Mientras tanto en estas personas, a menos que nosotros los socialistas estemos completamente equivocados, germinan semillas de sentimientos viriles y sociales, que son capaces de un prolongado desarrollo; y es seguro que cuando llegue el momento en el que se manifestará su deseo, como lo hizo en los tiempos de la Comuna, para tenderse al alcance de sus manos, tomarán ciertamente parte en la obra, y en ese mismo acto abandonarán la ciénaga de degradación a la cual las ha arrojado nuestra falsa sociedad y en la cual las mantiene. La revolución por sí misma levantará a aquellos para quienes la revolución debe ser realizada. Su esperanza recién nacida traducida a la acción desarrollará sus cualidades sociales y humanas, y la misma lucha los preparará para recibir los beneficios de la nueva vida que la revolución hará posible para ellos.

Es por haber aprovechado la oportunidad que se les presentó para elevar de esta manera a la masa de los trabajadores al heroísmo que hoy celebramos a los combatientes de la Comuna de París. Es verdad que fracasaron en la conquista inmediata de la libertad material, pero avivaron y fortalecieron la idea de la libertad con sus valerosas acciones e hicieron posibles las esperanzas que tenemos hoy en día; y aunque hoy en día alguien dude de que estaban luchando por la emancipación de los trabajadores y de las trabajadoras, a sus enemigos de aquel tiempo no les cabía ninguna duda.

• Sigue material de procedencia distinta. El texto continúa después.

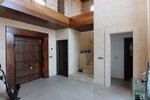 Thumbnail 3 van Villa zum kauf in Jávea / Spanien #60202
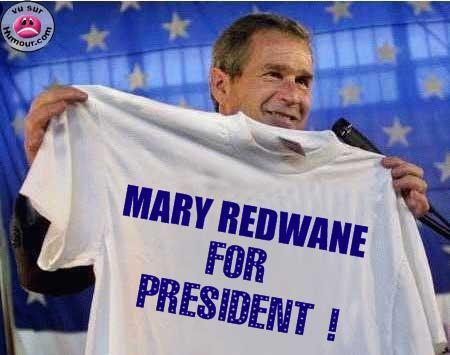 jamais perdur l'espoire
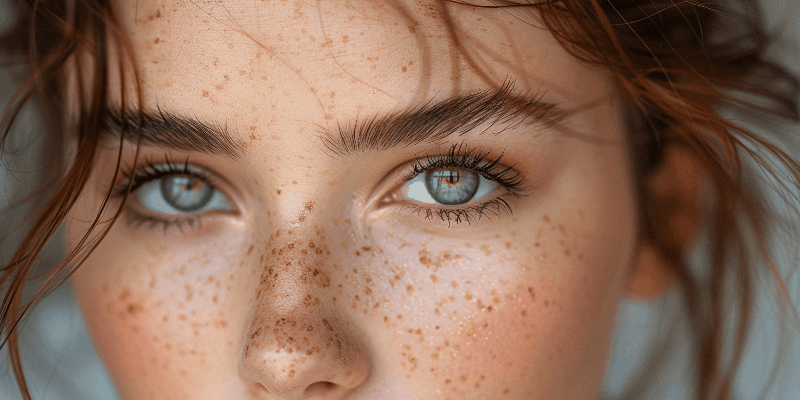 Co robi kwas hialuronowy?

No veían en ellos a meros oponentes políticos, sino a «enemigos de la sociedad», personas que no podían vivir en el mismo mundo que ellos porque era diferente el fundamento de su visión de la vida, a saber, la humanidad en vez de la propiedad. Este es el motivo por el que el fracaso de la Comuna se celebró con tales hecatombes ofrecidas al dios de los burgueses, Mammón; un derroche de sangre y de crueldad en manos de los conquistadores sin parangón en los tiempos modernos. Y es asimismo el motivo por el cual nosotros los honramos como la piedra angular del nuevo mundo que está llamado a ser.